My last long term romantic relationship could have ended long before it did. We were both holding on for the wrong reasons, and things went on longer than they should have. As a result the ending hurt more than it needed to, and I held onto the pain from that for a very long time. I couldn’t let go of thinking about how he was doing, what could have been, and all the little things that had happened that had hurt me. It was my way of continuing to hold onto the relationship. If I was still being hurt by it, and still thinking about him all the time, then it wasn’t really over. At least not in my mind.

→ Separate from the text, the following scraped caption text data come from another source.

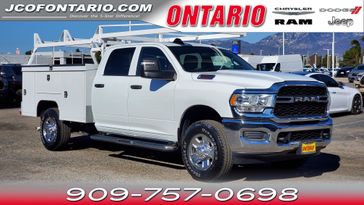 2023 RAM 2500 Tradesman in a Bright White Clear Coat exterior color and Diesel Gray/Blackinterior. Ontario Auto Center ontarioautocenter.com 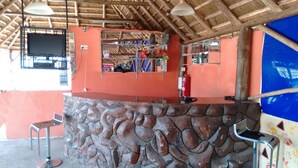 A bar area with a stone counter, a television mounted on the wall, and a fire extinguisher. - United Motel Entebbe (Entebbe)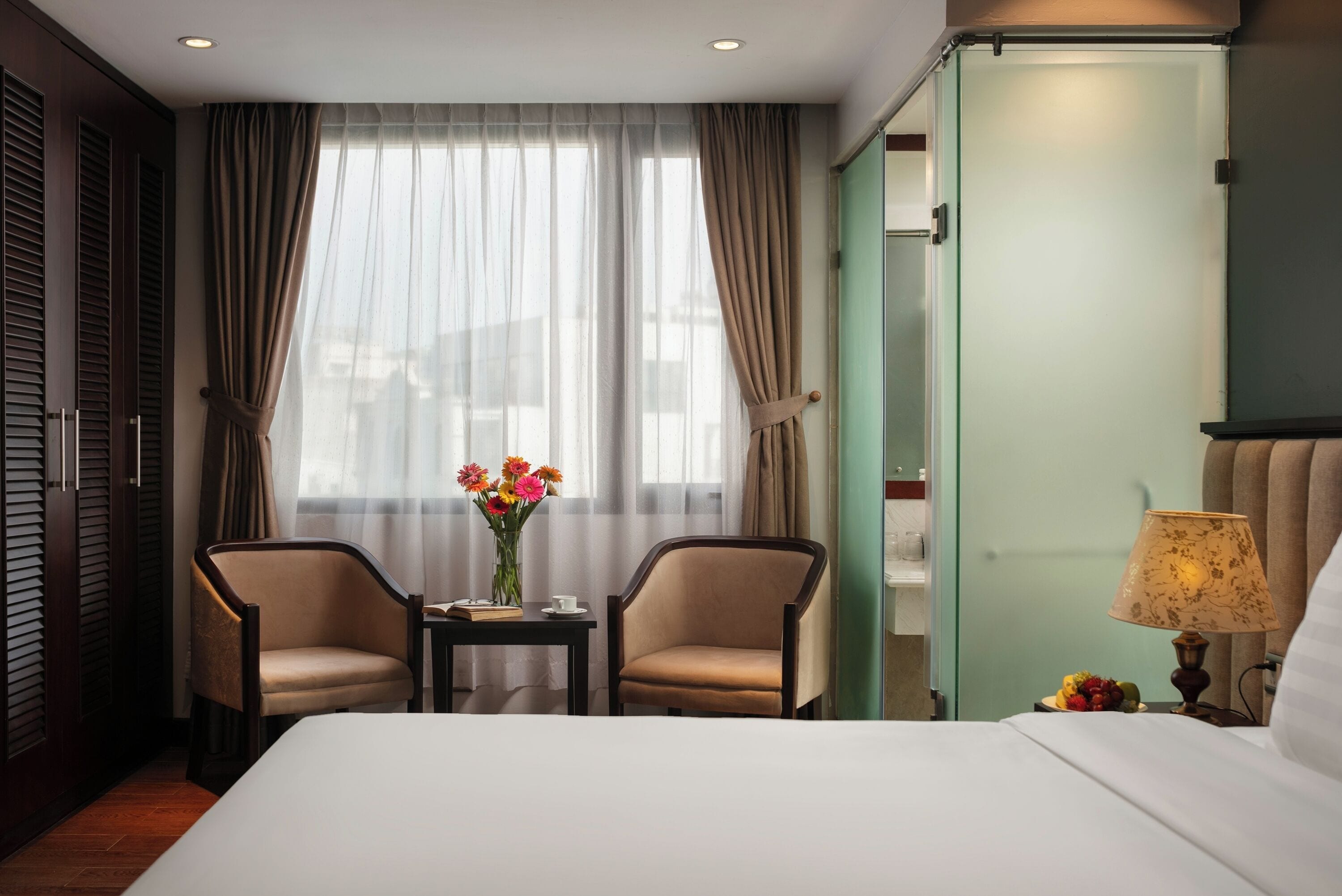 A hotel room with a bed, two armchairs, a small table with a vase of flowers, a lamp, and a view of the outside through sheer curtains.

I don’t only have this problem with romantic relationships. I’ve had friendships I have lost that have been just as important to me. I love my friends as much as I love my partners. They are the family that I choose. When friendships end it is harder on me in a lot of ways, because I can never understand why they need to end. Friendships don’t have the expectations on them that romantic relationships can have; friendships don’t need to meet perceived goals or timelines, they don’t require you to merge lives or to commit fully to each other in order to continue. Most of the pressures that end romantic relationships aren’t there in a friendship, and yet somehow they end anyway, either abruptly or by fading away. It is a type of rejection that I have a lot of trouble letting go of, because I have a hard time seeing as anything but a personal one. I continuously wonder what I did to push them away, or what I was lacking in keeping them interested.

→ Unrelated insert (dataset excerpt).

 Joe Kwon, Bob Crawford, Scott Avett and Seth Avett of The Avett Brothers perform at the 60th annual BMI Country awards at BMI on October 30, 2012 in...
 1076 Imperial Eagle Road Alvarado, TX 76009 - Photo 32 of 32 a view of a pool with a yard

So how do I deal with it? I’ve learned over the years that it is important to mourn the end of a relationship without obsessing over it, whatever type of relationship it was. Let the feelings of sadness, loss, and even guilt run their course; don’t tell yourself you shouldn’t feel that way. You are allowed to feel the way you do, wonder what they are doing, and replay any moments that you want to. Accept the feelings, acknowledge them, really feel them, and then let them go. Take as much time as you need. The important thing is that you don’t act on them, and that you don’t let them consume you. Don’t become angry or bitter, don’t obsessively stalk anyone in person or online, don’t blame yourself for everything that goes wrong in their lives, and don’t wallow in your memories. Don’t try to keep someone in your life that isn’t there anymore. Take the time to clean out that empty seat, so that someone else can sit there.